Begrensde exponentiële groei: Toepassingen
Keller model voor sprinten
In de biomechanica worden twee soorten van wiskundige modellen voor rennen gehanteerd: kinematische modellen gebaseerd op de tweede wet van Newton en modellen gebaseerd op energiebalans. We bespreken het kinematische model van Keller uit 1973 om een sprint over 100 m te beschrijven, maar kan ook voor iets langere afstanden gebruikt worden bij elitesporters.
Keller model voor sprinten Net als alle kinematische modellen is het Keller model gebaseerd op het verband \[a(t) = F_{\mathrm{voortstuwing}}(t)-F_{\mathrm{weerstand}}(t)\] waarbij \(a(t)\) de versnelling van de sprinter op tijdstip \(t\) is, \(F_{\mathrm{voortstuwing}}\) de horizontale component van de stuwkracht per lichaamsgewicht op tijdstip \(t\) is, en \(F_{\mathrm{weerstand}}(t)\) de kracht per lichaamsgewicht is die de sprinter moet overwinnen op tijdstip \(t\) om in beweging te zijn. Keller veronderstelt in zijn model dat de stuwkracht constant (\(F\) is en dat de weerstand voornamelijk bepaald wordt door interne weerstanden in het lichaam die overwonnen moeten worden om de ledematen te bewegen (leidend tot warmteproductie) en dat deze weerstandskracht toeneemt naarmate het gewicht van de hardloper groter is en de loopsnelheid toeneemt.
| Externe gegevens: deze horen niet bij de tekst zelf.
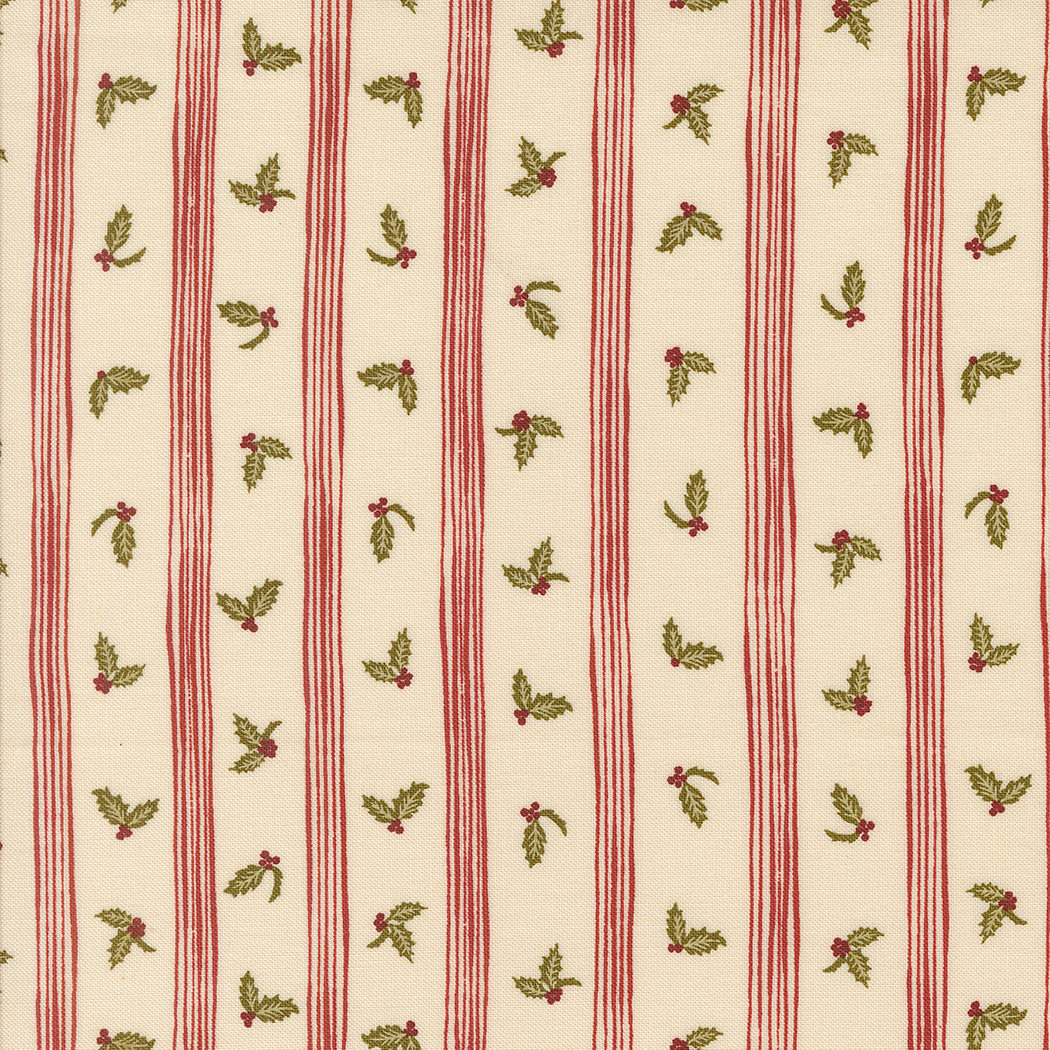 Old World Yuletide Holly Stripes Eggshell by Fancy That Design House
Het heeft dus, in tegenstelling tot wat veel gedacht wordt, niets te maken met luchtweerstand; dit is een aparte term die je in een kinematisch model kunt inbouwen. Keller veronderstelt een lineair verband tussen \(F_{\mathrm{weerstand}}(t)=v(t)/\tau\). Deze redenering leidt tot het volgende beginwaardenprobleem \[v'(t)=F-\frac{v(t)}{\tau},\quad v(0)=0\] Deze vergelijking van geremde exponentiële groei heeft de volgende oplossing \[v(t)=F\cdot \tau\cdot\left(1-e^{\frac{t}{\tau}}\right)\]
Modellering van een sprint van Carl Lewis We passen het Keller model toe op de 100 m sprint van Carl Lewis in de finale van de wereldkampioenschappen atletiek van 1987 in Rome. Op basis van zijn splittijden per 10 meter kun je via regressie de best bijpassende parameterwaarden bepalen. Het resultaat is \(F=8.88\;\mathrm{N/kg}\) en \(\tau=1.318\;\mathrm{s}\).
Heck & Ellermeijer (2009) hebben dit model ook toegepast om korte sprintjes van 16-jarige scholieren over afstand van 30 m te modelleren: zij hebben parameterwaarden \(F=5.988\;\mathrm{N/kg}\) en \(\tau=1.269\;\mathrm{s}\). Het is met name de stuwkracht die bij een scholier minder groot is dan bij een elitesprinter en waarschijnlijk ook het vermogen om deze stuwkracht voor langere tijd aan te kunnen houden.
Heck, A. & Ellermeijer, T. (2009). Giving students the run of sprinting models. American Journal of Physics 77(11), 1028-1038.